After incubation, DNA was extracted according to the phenol-chloroform method (Sambrook and Russel, 2001). RNA was removed from all the samples by the addition of 0.1mg/mL RNAse A and incubation for 2 h at 37°C. A further purification step was performed using 13%PEG 8000/1.6M NaCl, followed by two washes in 70% ethanol (Sambrok and Russel, 2001).

Fourteen specific procedures were tested, which differed regarding their storage time and condition (fresh, iced or in ethanol), addition of b-mercaptoethanol in lysis buffer and tissues used (gills, hepatopancreas and muscles; see Table 1). Protocol K was accomplished with QIAamp DNA Mini Kit, according to the manufacturer's instruction (QIAGEN).

DNA quality determination

The DNA quality was accessed by two ways: molecular weight and suitability for downstream application in PCR (Polymerase Chain Reaction). The molecular weight of the DNA yielded by each method was determined by electrophoresing a 5 mL sample in a 0.8% TBE-agarose gel, stained with ethidium bromide (Fig. 1-3). To further demonstrate the quality of the extracted DNA, all the samples were submitted to a PCR to amplify a nearly 150bp fragment of the CO1 (Cytochrome oxidase I) gene. Reaction volume was 25mL with 200 ng of extracted DNA (except for protocols that yielded no detectable DNA), 0.1 mM of each dNTP, 1.25 U Taq polymerase (Cenbiot), 1X Taq buffer and 1.5 mM MgCl2, both supplied with the enzyme, and 20 pmol of each primer: CO1 forward 5'ATGTACATATCGCCCGTCGC3' and CO1 reverse 5'CGATTATGCTACCTTTGCAC3'. Primers were designed by conserved regions alignment of several mitochondrial DNA sequences from Crustaceans deposited in Genbank.
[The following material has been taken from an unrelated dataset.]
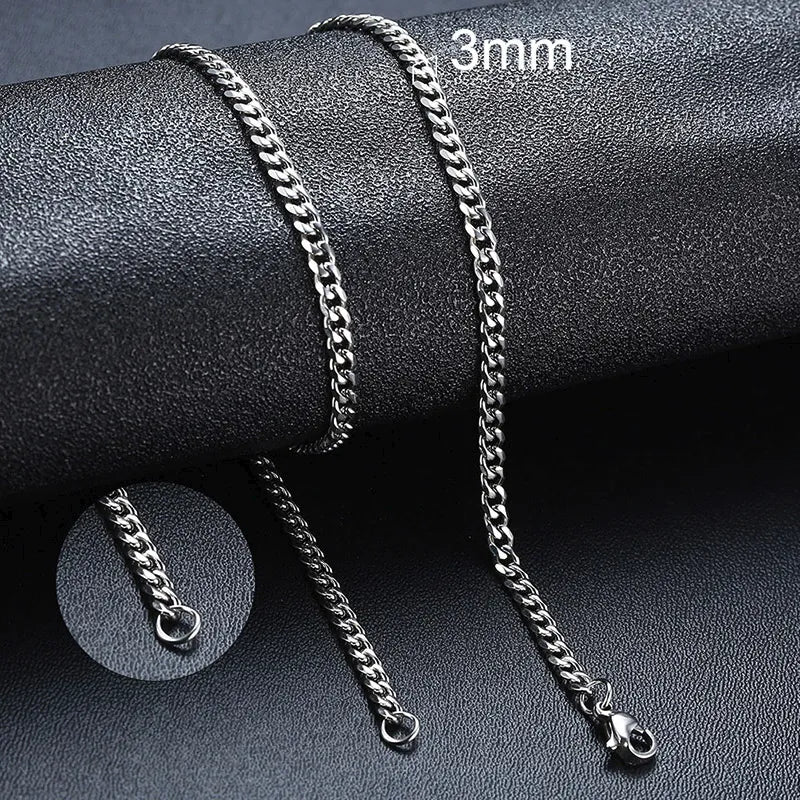 Vnox Cuban Stainless Steel Chain Necklace - Just Endless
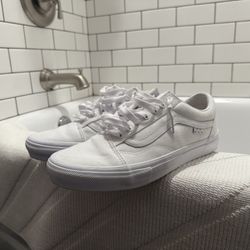 Old School Vans White Size 10.5 M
The PCR parameters were 5 min initial denaturation at 94°C followed by 30 cycles of 1 min denaturation at 94°C, 45 sec annealing at 55°C, and 1 min extension at 72°C, finishing with 7 min extension at 72°C. PCR products were electrophoresed in 6% Polyacrylamide gel for 90 min and silver stained (Sambrook and Russel, 2001).




RESULTS

Except Protocols F/F' and H that were performed with individuals conserved for 4.5 years and for 3 days in 70% ethanol respectively, all the other protocols yielded DNA of different molecular weights visible on agarose gel under UV light. Protocols C, D, E and K yielded high molecular weight DNA. Protocols A, A', B, I and J produced both high molecular weight and degraded DNA. Protocols B' and G yielded only degraded DNA. Protocols F, F' and H yielded non-detectable DNA on agarose gel stained with ethidium bromide under UV light. Protocols A, A', B, and B', which lacked b-mercaptoethanol in the lysis buffer, produced lower molecular weight DNA, and degradation was intensified with the increasing of storage time (Fig. 1).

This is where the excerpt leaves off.